The boot upper is protected from bumps by a rubber toe cap in the front, and a plastic heel guard (which is part of the midsole). An additional rubber 'heel sling' protects the back of the heel from abrasion. There's a pull tab at the back of the boot made out of soft webbing, which I find preferable to leather. Leather loops are stiff and sometimes catch the back of your pant cuff, making it ride up.
The collar dips down about 1" at the rear of the ankle, and is comfortably padded. My usual foot size is 8.5 US, but only whole size samples were available for preview (early Sept, '14) so I went with size 9 rather than wait. The size 9 boot measures 7.5" at its tallest point (measured from the floor), and 6.5" at the back of the collar - same as my size 8.5 civilian version.
The inside of the Quest has a wicking polyester lining to absorb and disperse excess moisture. The inside of the collar and upper part of the tongue is lined with mesh. The heel is lightly padded to prevent hot spots in the heel.
The tongue is padded to relieve lace pressure and constructed out
of nylon, with a leather reinforcement on the upper half. It's gusseted
up to the bottom of the 2nd eyelet to keep water and dirt out of
the boot. The lacing system is where the
Quest Forces differs from its civilian counterpart. The civilian
Quest uses a combination of plastic eyelets at the bottom, and metal
hooks at the top. On the Forces boot, the eyelets on the lower part
are leather, and the upper ones are eyelets instead of hooks. The
third eyelet from the top is a lace lock, and locks the lace in
place so you can lace the boot up differentially; with different
tension at the top than the bottom. To release the lock, you simply
pull the upper part of the lace back, out of the teeth in the lock.
The Quest Forces comes with 550 cord laces.
Insole/Outsole - The Quest 4D Forces has a removable dual-density Ortholite footbed/sock liner for shock absorption and support, with an antimicrobial treatment to deter odours. It's made partially of recycled tire, and Ortholite claims that it will not break down, or lose effectiveness over time.
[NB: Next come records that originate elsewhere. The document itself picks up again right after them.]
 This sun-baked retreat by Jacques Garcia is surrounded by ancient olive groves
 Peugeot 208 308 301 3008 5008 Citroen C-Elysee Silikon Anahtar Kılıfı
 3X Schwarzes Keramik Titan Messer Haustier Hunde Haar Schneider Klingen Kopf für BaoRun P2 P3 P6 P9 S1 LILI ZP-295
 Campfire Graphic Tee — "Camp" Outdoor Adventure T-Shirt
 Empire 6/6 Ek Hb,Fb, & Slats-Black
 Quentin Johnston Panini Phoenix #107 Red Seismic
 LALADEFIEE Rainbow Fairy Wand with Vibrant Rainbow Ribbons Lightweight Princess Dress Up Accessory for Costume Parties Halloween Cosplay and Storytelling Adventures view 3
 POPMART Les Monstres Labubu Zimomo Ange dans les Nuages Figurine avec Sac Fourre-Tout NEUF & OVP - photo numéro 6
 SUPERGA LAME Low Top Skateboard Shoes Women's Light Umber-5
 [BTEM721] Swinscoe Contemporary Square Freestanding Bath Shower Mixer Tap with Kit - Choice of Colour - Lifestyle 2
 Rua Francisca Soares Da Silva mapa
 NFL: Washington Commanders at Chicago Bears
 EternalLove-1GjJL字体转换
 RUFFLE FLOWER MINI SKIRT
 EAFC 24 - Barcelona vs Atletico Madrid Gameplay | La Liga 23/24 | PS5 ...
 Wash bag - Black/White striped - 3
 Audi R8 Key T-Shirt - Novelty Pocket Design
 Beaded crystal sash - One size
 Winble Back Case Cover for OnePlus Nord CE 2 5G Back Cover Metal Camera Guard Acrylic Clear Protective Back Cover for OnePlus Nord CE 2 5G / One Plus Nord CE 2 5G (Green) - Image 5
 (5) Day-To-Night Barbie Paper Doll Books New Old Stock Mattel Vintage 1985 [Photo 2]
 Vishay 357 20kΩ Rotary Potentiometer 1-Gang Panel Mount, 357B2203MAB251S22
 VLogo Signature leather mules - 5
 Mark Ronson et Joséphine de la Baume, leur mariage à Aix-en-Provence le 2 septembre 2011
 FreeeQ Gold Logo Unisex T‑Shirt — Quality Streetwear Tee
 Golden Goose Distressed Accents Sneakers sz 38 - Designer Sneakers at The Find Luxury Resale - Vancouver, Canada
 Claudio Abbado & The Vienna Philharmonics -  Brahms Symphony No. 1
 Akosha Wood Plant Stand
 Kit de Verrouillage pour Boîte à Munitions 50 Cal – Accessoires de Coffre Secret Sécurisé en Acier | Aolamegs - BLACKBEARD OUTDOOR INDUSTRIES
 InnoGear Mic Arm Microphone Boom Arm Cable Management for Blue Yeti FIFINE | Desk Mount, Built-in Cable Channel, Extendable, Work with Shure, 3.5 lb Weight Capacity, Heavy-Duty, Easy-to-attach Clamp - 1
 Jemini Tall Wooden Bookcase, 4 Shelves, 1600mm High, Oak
The 4D Advanced Chassis™ thermoplastic urethane midsole supports help control flex, reduce ankle strain, enhance stability and protect feet from rough terrain. The '4D' refers to the four layers provided by the foam insole, the midsole support plate, another cushioning pad in the sole, then the outsole. On the civilian Quest, the thermoplastic midsole is visible from the outside of the boot as the clear, stiff plastic right above the outsole. On the Quest Forces, this is now non-reflective khaki. The plastic is not only more abrasion resistant than rubber to rocks, but provides the stiffness needed to provide stability to the foot. The shank extends about halfway, so that the front half of the boot flexes longitudinally, making it flexible and comfortable enough to run in. It's not surprising, since the Quest was designed with trail running technology. It's stiffer laterally, to prevent the forefoot from twisting.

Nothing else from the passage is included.